The Olaf Messenger is running a multi-week series on the Fifth-Year Emerging Artists (FYEA) at St. Olaf. The program allows artists to create and display artwork, use St. Olaf studio space and remain in community with current students.
Alekz Thoms ’20 is on a mission to make art without creating waste. From our shared screen over a Google Meet interview, Thoms held up a batch of paper they had made from cardboard cereal and soda boxes. I could not help but be in awe of their passion for sustainable art and, even more, the patience that must have been required for the whole process.
But when it comes to their art, it became very clear to me that for Thoms, there is no need to rush the creating process — nor was there a rush to leave St. Olaf just yet. The Fifth-Year Emerging Artist applied to the program because they were not ready to part with the supportive community they had found within the art department.
“While I can make art anywhere, it’s just nice to have people that know me and know the art I make and know my life and are able to give me criticism in that way,” Thoms said.
Working from home in North Dakota, they have still been able to maintain communication with the art department and get a sense of what everybody is up to on campus as well as the support they need for their projects.
Apart from making paper, Thoms has also been making their own paint, keeping an open eye to their landscape and collecting anything from rocks, plants and clay from the river banks to make paint pigments.
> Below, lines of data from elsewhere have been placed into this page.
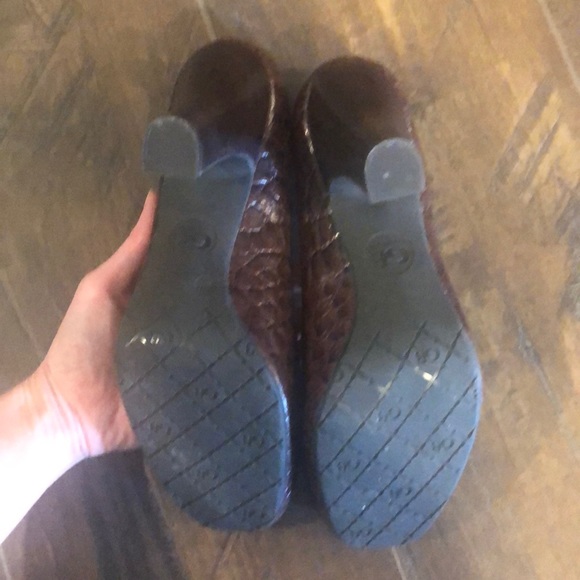 Gianni Bini Run-Way Shoes in Nutty Croc! - Picture 3 of 4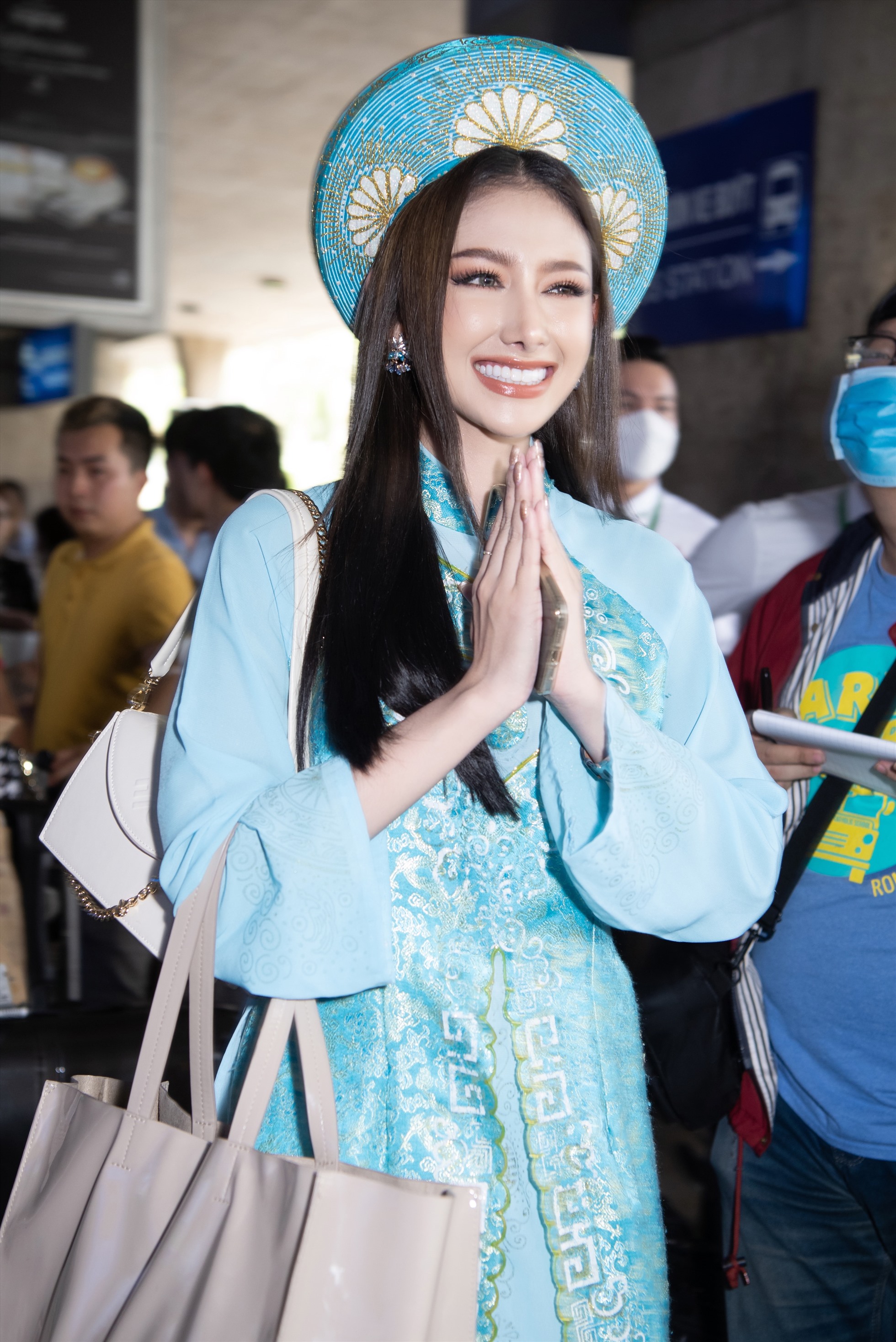 Được biết, ngoài chuyến công tác, các người đẹp sẽ tham quan và du lịch ở Việt Nam trong thời gian tới.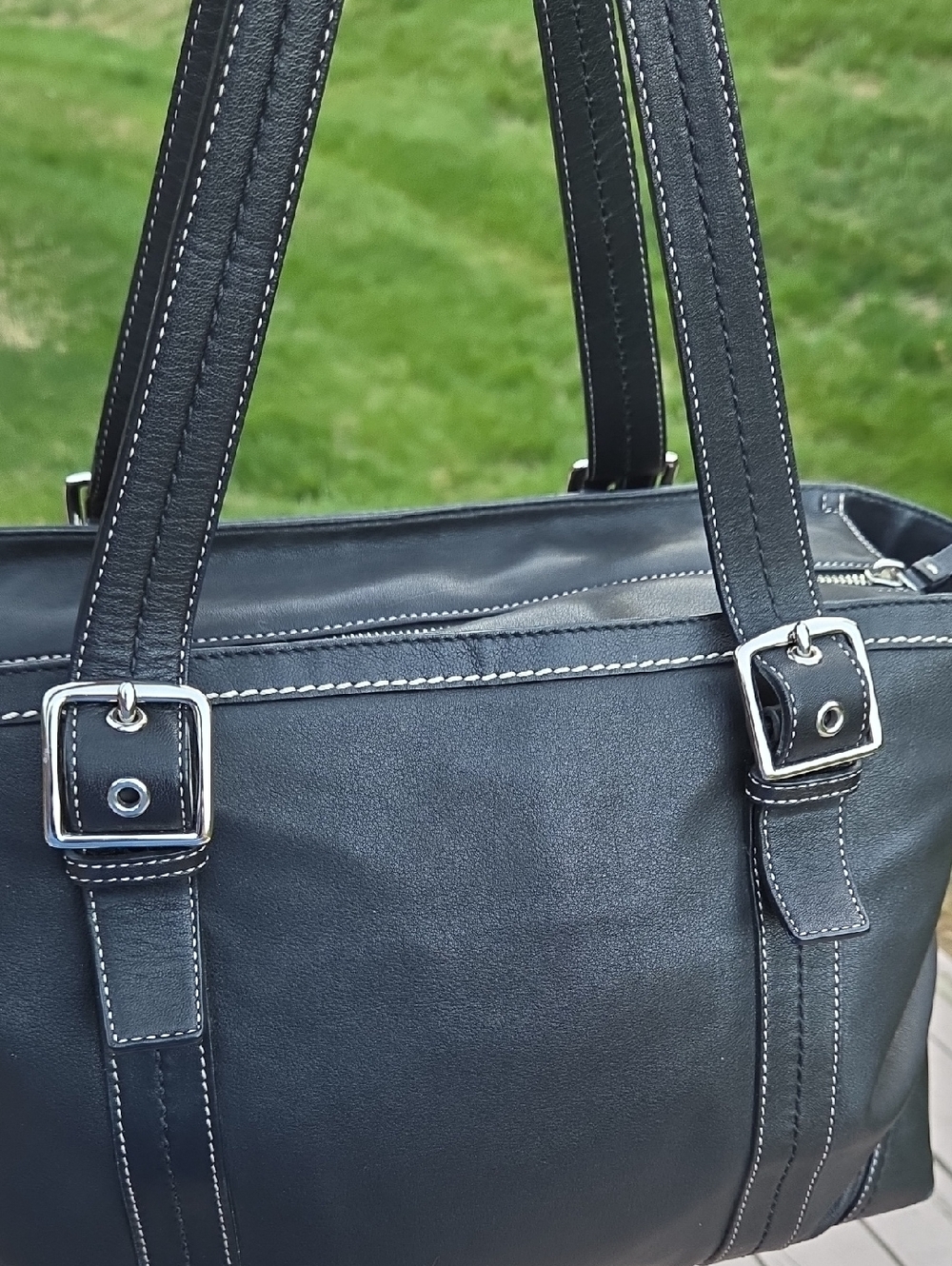 Coach Y2k 2008 F12609 Black Leather Tote Bag with Contrast Stitching - Picture 16 of 16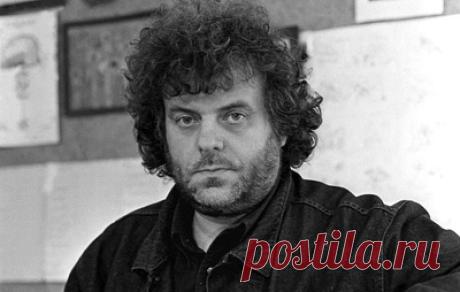Пластилиновая ворона, колобки и фиксики. Творчество мультипликатора Александра Татарского. 11 декабря российскому режиссеру-мультипликатору, автору самой известной заставки телепередачи "Спокойной ночи, малыши!" Александру Татарскому могло бы исполниться 75 лет. В его послужном списке множество популярных мультфильмов — помимо оригинальной анимации, каждый проект был наполнен остроумными сюжетными решениями и яркими фразами, которые разошлись на цитаты. Рассказываем о его самых…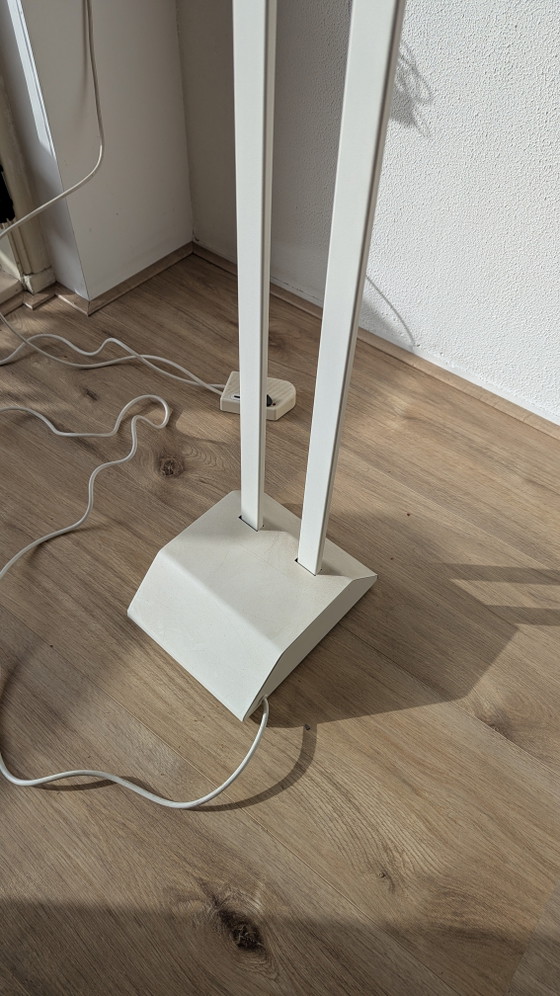 Image 1 of Philips sculpturale vloerlamp met dimmer uit de jaren 80, postmodernistisch van aard.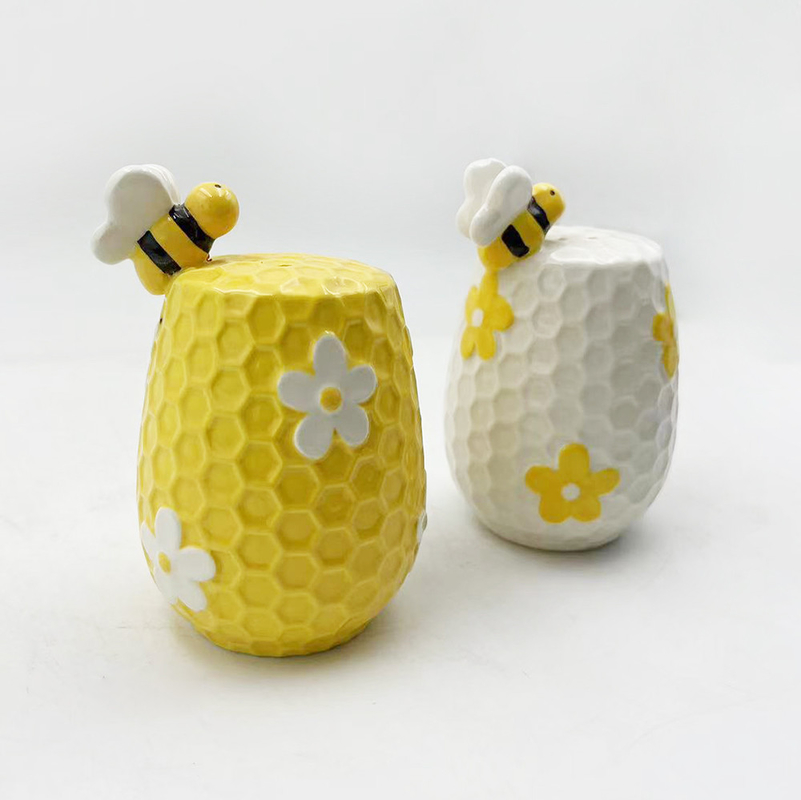Flower And Bee Ceramic Salt And Pepper Shaker For Kitchen Accessories Home Decoration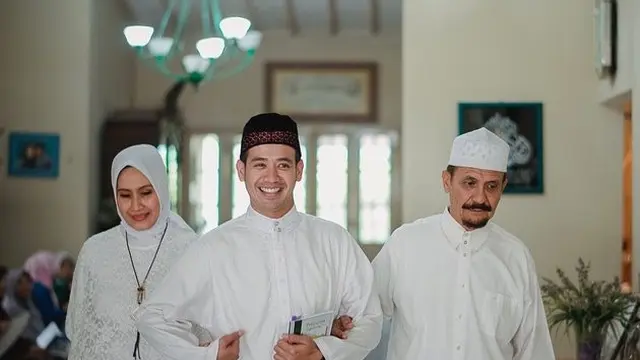 Tarra Budiman menggandeng tangan ayah dan ibunya (Instagram/ tarrabudiman)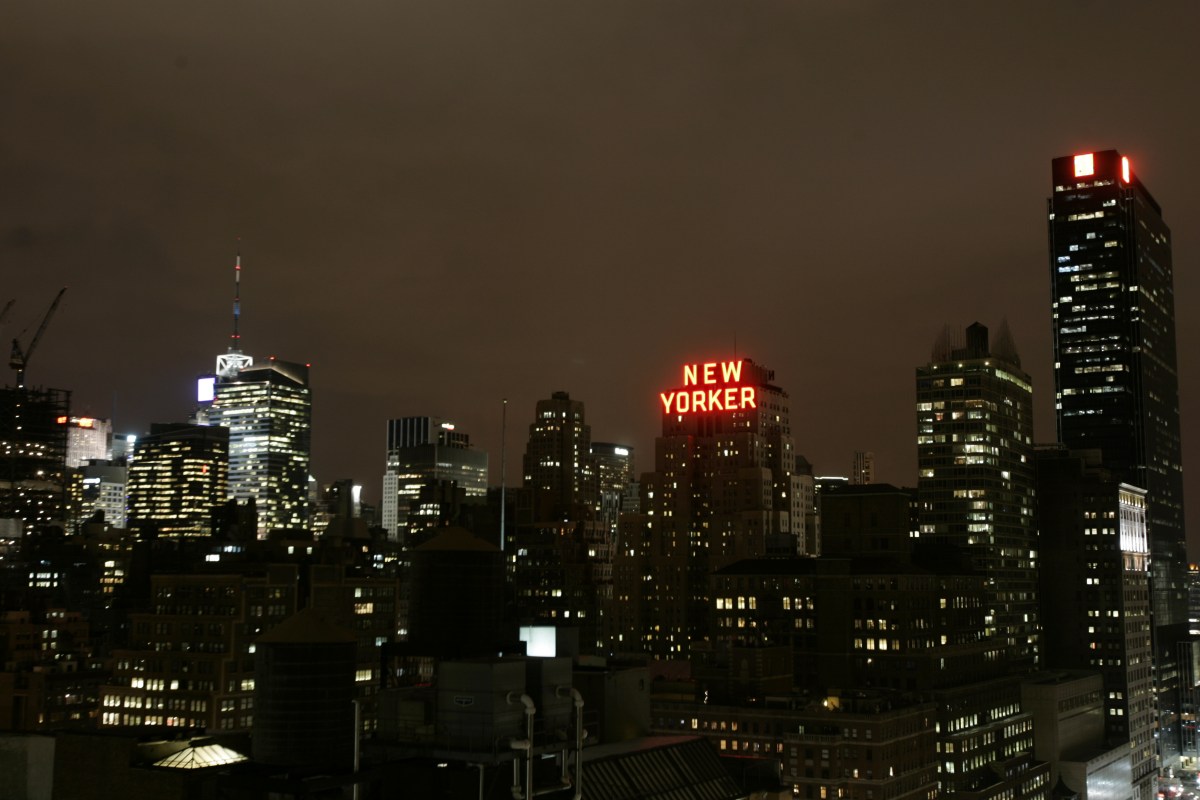 Hombre se declara culpable por intentar apropiarse del New Yorker Hotel en Manhattan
“It’s not like a project in itself where I am creating a piece, but more so, exploring the art that I can make with the land,” Thoms said.
Thoms expressed their concern with the gatekeeping of supplies and techniques that tends to characterise the arts, particularly with the making of art materials. After tallying up the cost for getting conventional paint making material, Thoms noted it would have cost around $250.
“But I found a glass cup from the thrift store for fifty cents and used some tools that were just from the store,” Thoms said. Thoms wants to share with people that art is so much more accessible than it has been made out to be.
“ For me art is very much about sharing. I create things to share. Even if I am making a portrait painting, the creation is to share with other people the way I view something,” Thoms explained, “gift giving is my love language — I am always making things to give to other people.”
Thoms’ passion to share their growing knowledge on making paint with other people not only shows their commitment to making knowledge accessible within the artmaking but also truly speaks to how much community is centred in their art journey.